Open mrgazzara opened 2 years ago

mrgazzara commented 2 years ago

Labrat takes very long time to run in its current implementation of the execution workflow. This is because the makeTFfasta step takes several days (~3.5 when I ran it). The subsequent Salmon steps take next to no time to run. It would be a useful feature to allow users to pass to the execution workflow the result of the makeTFfasta step from a previous execution to speed things up. The makeTFfasta step should only have to be run once per annotation version.

Any thoughts on this possibility @yuukiiwa or @dominikburri ?

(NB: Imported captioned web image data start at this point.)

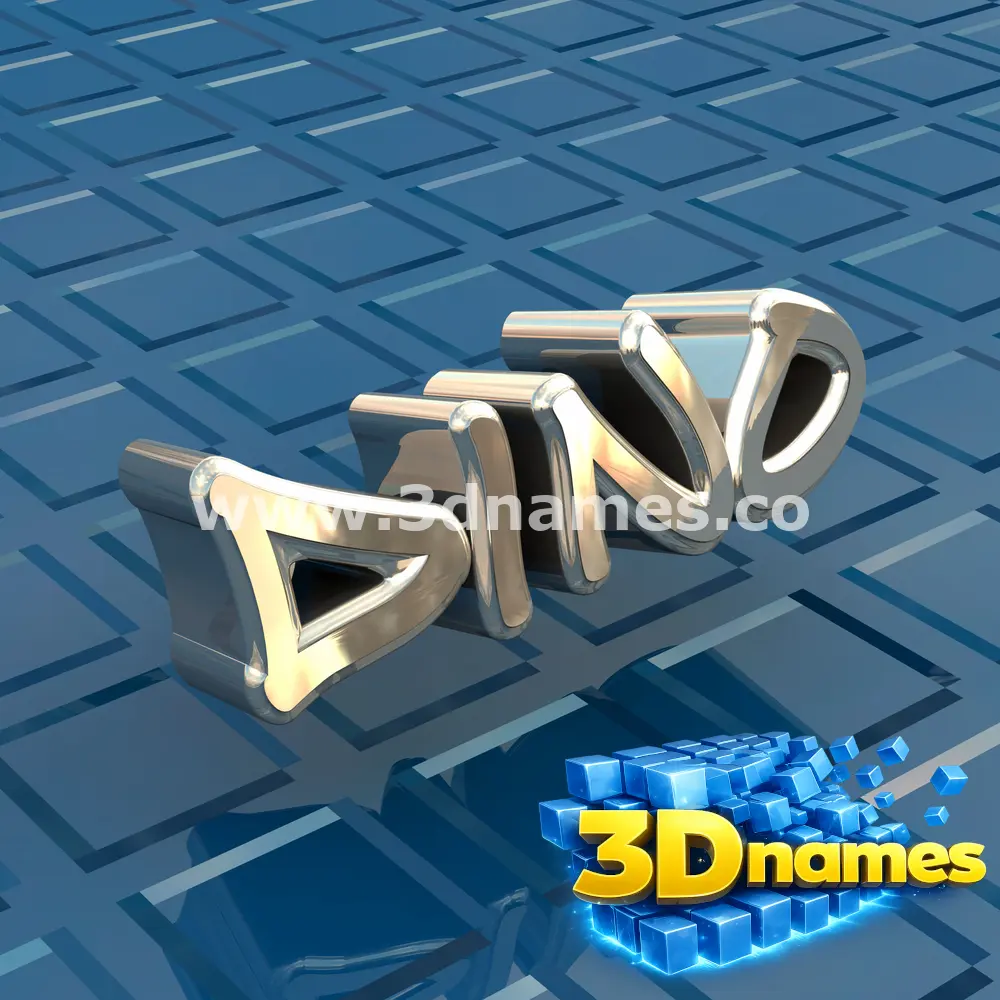 dino in Blue Bling style - 3D name wallpaper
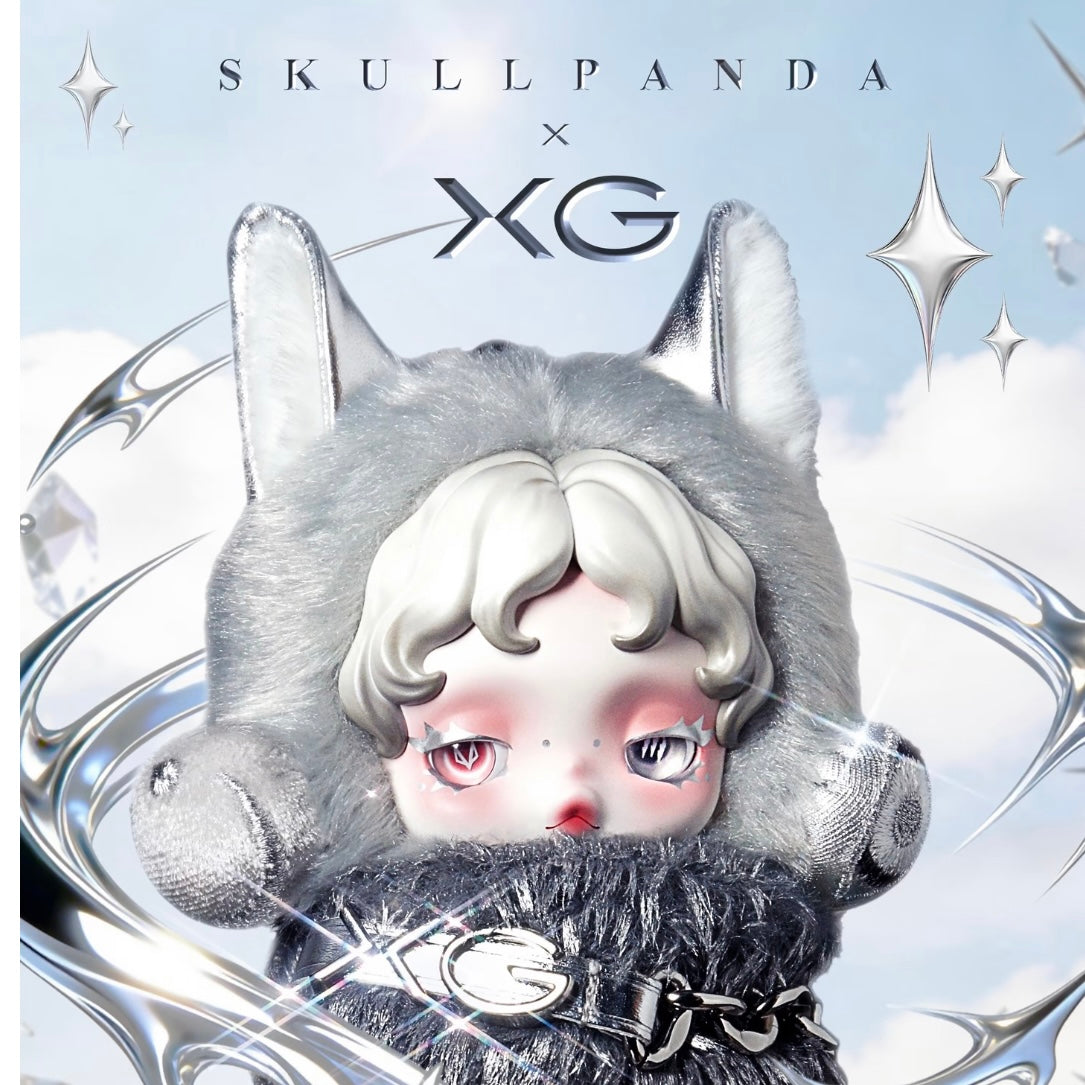 POP MART SKULLPANDA x XG Japan Exclusive Plush Pendant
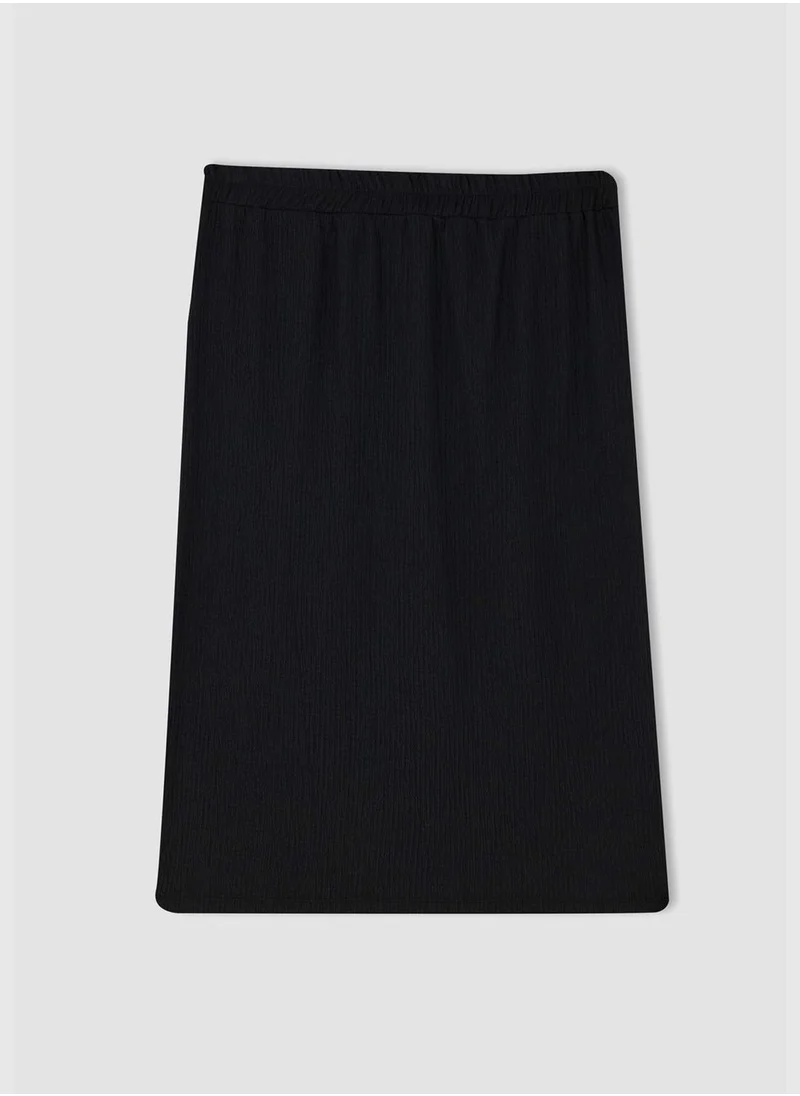 DeFacto A Cut Elasticated Waist Midi Skirt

dominikburri commented 2 years ago

Hi @mrgazzara, good point. One quick fix could be to run several samples at once, e.g. having the sample table with all Mayr samples. In this way the makeTFfasta should only be executed once. Or is this how you executed it so far? Alternatively, I can imagine to restructure nextflow in that makeTFfasta would be treated as a parameter and only executed/created when not existing. Similar to what @faricazjj did in IsoSCM, see here: https://github.com/iRNA-COSI/APAeval/blob/0152d1dbe0ab8176f75d3a995d1f2a3b80b50019/execution_workflows/IsoSCM/conf/modules.config#L28

mrgazzara commented 2 years ago

Yes the latter is exactly what I had in mind. We also do something very similar with the QAPA EWF where you can chose to build a new 3'UTR annotation file or re-use an existing annotation. Something like that would be a huge time saver for users of our Labrat EWF.